Citing the example of Jesus and the biblical mandate to care for the poor, panelists urged individual and church responses to poverty.
Individuals can help alleviate poverty by working in impoverished neighborhoods, by forming relationships with impoverished people or by urging elected public representatives to support legislation that reduces poverty, Prevost said. Individuals can also motivate their churches to act on behalf of poor people.
"Responding [to poverty] is something at the very heart of what it means to be a congregation," said Diana Garland, dean of Baylor University's School of Social Work. "It's the responsibility of every Christian. There's nobody who is exempt. We're all called to respond to the needs of our neighbors. We're never exempt."
The importance of addressing poverty and social justice must be preached and taught in churches, Garland said. It must engage all members of the congregation, whether they assemble baskets of food at Christmas or form a relationship with someone struggling to financially survive.
"Those one-time Christmas baskets are a great place to begin, but it's not the end. It's just the beginning," Garland said. "Encourage the move from charity to justice. Start with those one-time events and move to the longer term … move to justice."
While difficult, the move from charity to justice is possible, said Christopher Gray of FCS Community Ministries in Atlanta. Gray's ministry began with a long-term commitment to a neighborhood troubled with crime, drugs and prostitution. One way the ministry restores dignity and promotes self-sufficiency is by selling clothes at an affordable rate instead doing giveaways.
The ministry also has about 15 people living in the neighborhood to incite change from the inside out.
"We try not to minister from arm's length but rather live and serve among those who are challenged," Gray said.
In this ministry and other poverty reduction efforts, taking risks is the norm, and failure is common, Gray said, but a long-term, undaunted commitment to holistic ministry is necessary to transform communities and lives.
"You have to think long haul and determined," Prevost said. "These are not quick fixes."

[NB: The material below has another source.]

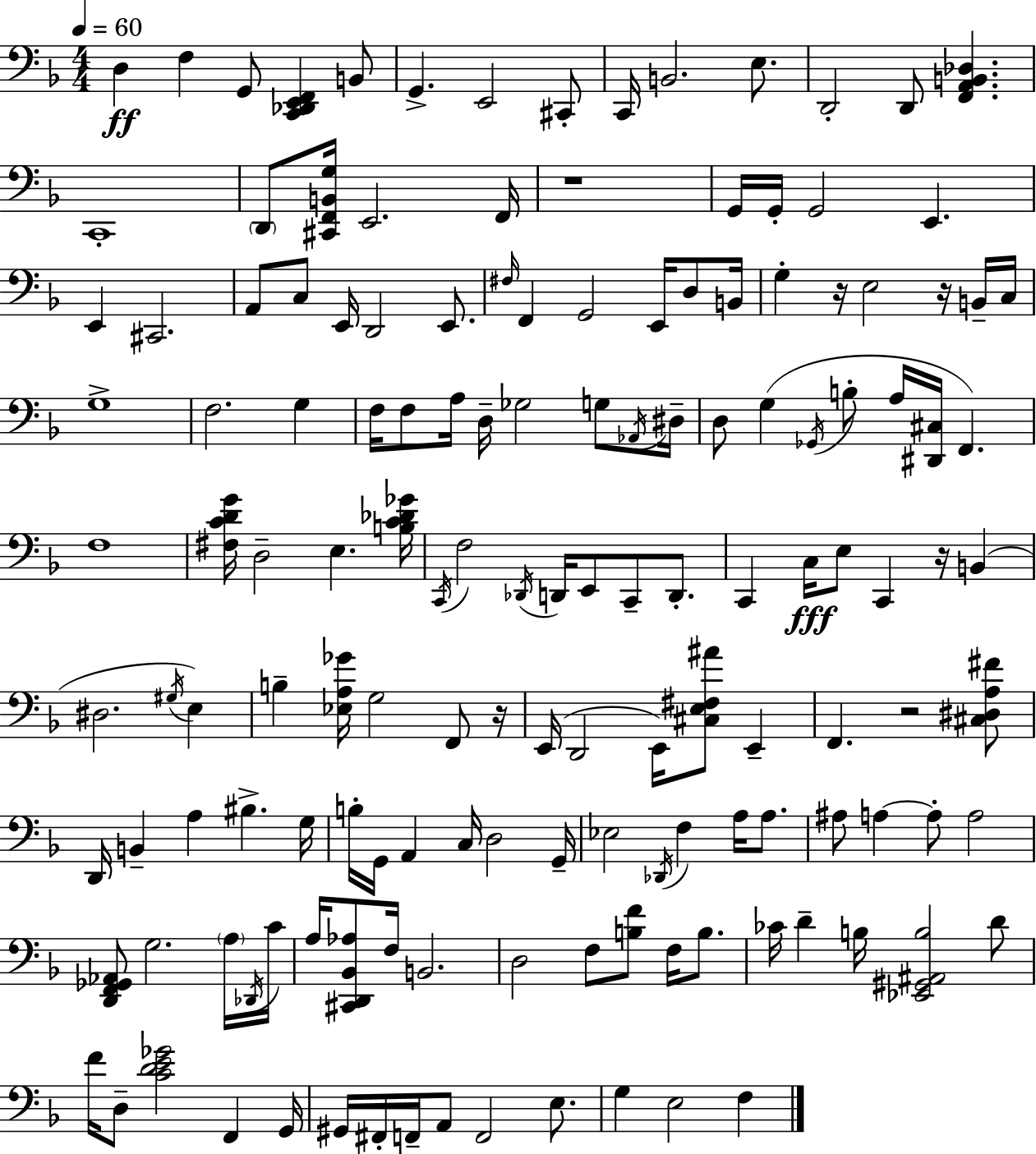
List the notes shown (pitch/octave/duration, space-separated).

D3/q F3/q G2/e [C2,Db2,E2,F2]/q B2/e G2/q. E2/h C#2/e C2/s B2/h. E3/e. D2/h D2/e [F2,A2,B2,Db3]/q. C2/w D2/e [C#2,F2,B2,G3]/s E2/h. F2/s R/w G2/s G2/s G2/h E2/q. E2/q C#2/h. A2/e C3/e E2/s D2/h E2/e. F#3/s F2/q G2/h E2/s D3/e B2/s G3/q R/s E3/h R/s B2/s C3/s G3/w F3/h. G3/q F3/s F3/e A3/s D3/s Gb3/h G3/e Ab2/s D#3/s D3/e G3/q Gb2/s B3/e A3/s [D#2,C#3]/s F2/q. F3/w [F#3,C4,D4,G4]/s D3/h E3/q. [B3,C4,Db4,Gb4]/s C2/s F3/h Db2/s D2/s E2/e C2/e D2/e. C2/q C3/s E3/e C2/q R/s B2/q D#3/h. G#3/s E3/q B3/q [Eb3,A3,Gb4]/s G3/h F2/e R/s E2/s D2/h E2/s [C#3,E3,F#3,A#4]/e E2/q F2/q. R/h [C#3,D#3,A3,F#4]/e D2/s B2/q A3/q BIS3/q. G3/s B3/s G2/s A2/q C3/s D3/h G2/s Eb3/h Db2/s F3/q A3/s A3/e. A#3/e A3/q A3/e A3/h [D2,F2,Gb2,Ab2]/e G3/h. A3/s Db2/s C4/s A3/s [C#2,D2,Bb2,Ab3]/e F3/s B2/h. D3/h F3/e [B3,F4]/e F3/s B3/e. CES4/s D4/q B3/s [Eb2,G#2,A#2,B3]/h D4/e F4/s D3/e [C4,D4,E4,Gb4]/h F2/q G2/s G#2/s F#2/s F2/s A2/e F2/h E3/e. G3/q E3/h F3/q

Change is slow because poverty is so complex and far reaching. Often what slows individuals and churches from responding is feeling powerless and hopeless to make a change, Garland said. But the success stories from FCS Community Ministries and others are a glimmer of hope to the change one person or church can make.
"We cannot bring in the kingdom of God, but we can point to it with our action and our lives," Garland said. "We can do our best to make the way straight so … God can come in."
"It's not beyond the capability of [the people in] this room to make an incredible difference," Prevost said. "We're the ones who are supposed to be carrying our candles and rushing to the darkness."